Na véspera da morte de Machado, um jovem de quase 18 anos atravessou a Baía de Guanabara, foi até o casarão do escritor, no Cosme Velho, identificou-se apenas como "grande admirador" do moribundo e implorou que o deixassem ver o mestre de perto. Na sala de estar, à espera do desenlace, Euclides da Cunha, Coelho Neto, Graça Aranha, Raimundo Corrêa, José Verissimo e Rodrigo Otávio foram contra a entrada do rapaz. Machado, porém, permitiu que o desconhecido entrasse em seu quarto e lhe beijasse a mão. Sua identidade só seria revelada 28 anos mais tarde. O misterioso visitante, personagem de uma crônica de Euclides da Cunha, publicada dois dias depois da morte de Machado, chamava-se Astrojildo Pereira Duarte Silva.
Quando Lucia Miguel Pereira desfez o mistério, Astrojildo Pereira (1890-1965) já era famoso como jornalista, crítico literário e um dos fundadores, em 1922, do Partido Comunista do Brasil. Seu destino cruzara de novo com o de Machado, sob a forma de ensaio literário. Como os comunistas mais sectários detestavam Machado ("burguês, retrógrado, niilista e confusionista", na opinião de Octávio Brandão), Astrojildo passou a ser perseguido no PCB, até que o afastaram de seus quadros em 1932, acusado de ser um "intelectual pequeno-burguês e oportunista". A persecução ideológica a Astrojildo foi um dos deslizes mais indecorosos da história do Partidão e seus "bolcheviques inflexíveis" (a expressão é de Sérgio Buarque de Holanda, que se surpreendeu com o espírito refinado, a excelente formação literária e o antidogmatismo de Astrojildo quando o conheceu em Berlim, em 1929).
Há 13 anos, em O Imaginário Vigiado, Dênis de Moraes escancarou os bastidores da atritosa convivência de Astrojildo e outros comunistas sem antolhos com os jdanovistas do Partidão. Não esgotou o assunto, nem tencionava isso, deixando um farto filão de equívocos, intransigências, injustiças e torpezas à disposição de outros historiadores. Um relato minucioso dos desatinos do PCB no plano das idéias e da ação cultural certamente contribuiria para consolidar a reputação da liberdade de pensamento como uma preciosidade impermeável a toda e qualquer ideologia, sem exclusão daquelas, sobretudo daquelas que se acreditam libertárias e redentoras.

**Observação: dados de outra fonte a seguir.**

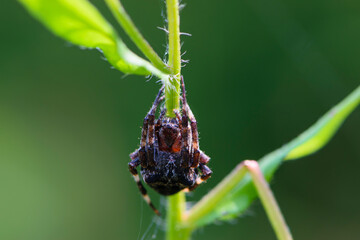 big black spider on green grass close up
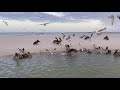 Pelicans, Seagulls, and Other Shorebirds Feeding at North Naples, FL Beach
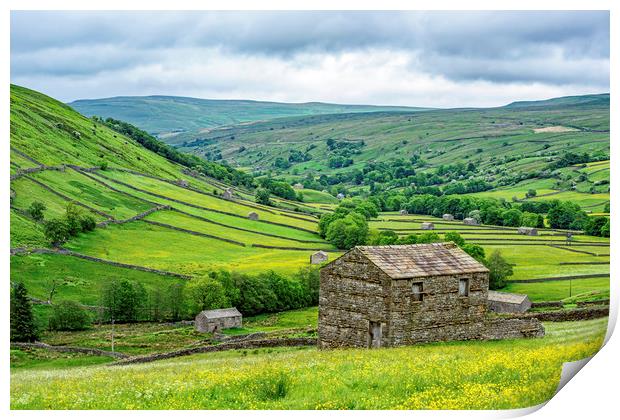The Angram Barns Swaledale Yorkshire Dales Print by Nick Jenkins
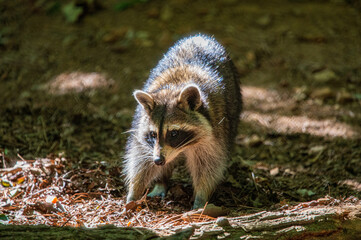 Racoon in the woods looking towards the camera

Por onde começar? Talvez pela implicância com Machado e, por tabela, Astrojildo, seguidos de um robusto elenco de escritores, artistas, jornalistas e intelectuais de todos os cantos do País, vítimas e algozes, vários deles pseudomarxistas e dogmáticos - além de autoritários e com pendor censório. Até o respeitado e nada herético Graciliano Ramos (1892-1953) foi censurado postumamente pelos trombas do Partidão, que impuseram cortes e correções a Memórias do Cárcere, deixadas incompletas pelo escritor e aos cuidados da família e do editor José Olympio.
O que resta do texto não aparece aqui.